There's always the seemingly tried and true method of leaving town on a plane for a few days. Clammy afternoons with the subtle stench of competing wafts of sulfur from factories on the outskirts of town can be only as close as your memories when you're in the friendly skies. (Where are all of the factories that make breath mints and how can we attract one?)
Lifting out of the blanket of cold, icy smog over Lambert Field and touching down in Palm Desert, California where everything is a hue of pink and everyone's skin tone is firmly in the earth tones -- feels really good-much like being Brad Pitt's thong. His wife's-not actually Brad Pitt's.

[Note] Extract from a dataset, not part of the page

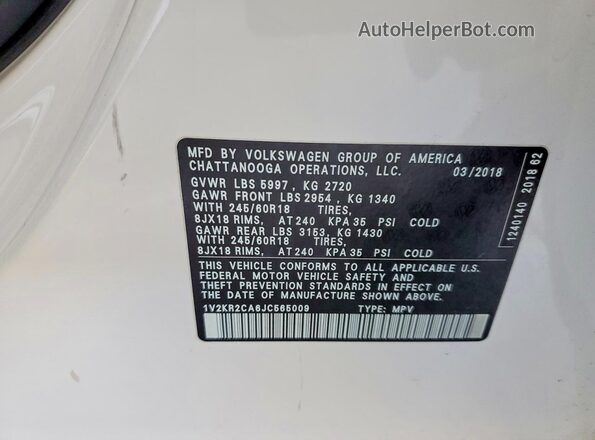1V2KR2CA6JC565009 2018 VOLKSWAGEN ATLAS White Панорамний вид салону 360°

It's a sobering reality check lifting from the luminance of Palm Desert and sinking back through the layers of air detritus and yellow stratus 4 hours later to see the monolithic, sterile St.Louis Arch and the mocha bricked stoops and factories underneath the plane while the captain tells the cabin that it's 36 degrees, overcast, with splotches of muddy slush on the runway. Translation: "Southern Californians, welcome to Swampeast Missouri-the Armpit of the Show-Me State. Swampeast Missourians, welcome home. You are the hairs beneath our wings." It's the stuff of Dante's Inferno-like leaving a warm softcore porno and entering a huge open-air set of Hee-Haw. It's a short-term fix that reaffirms that fact that you live in the absolute buttliest region in the United States during the nether worldly time period between the two equinoxes.
To anyone stuck in "the browns", it's time to catch up on shut eye, hibernate, and keep the faith that beneath our fudgy earth there is a crocus waiting to pop up and maybe a blade of grass or two-I'd take a few weeds-or even moss-I'd even spray paint it-- but whatever happens-we must all keep our heads up and pretend that we will once again see a day when the sun shines on our Achilles tendon above the smelly foot that's lodged directly into the best Bootheel in the United States.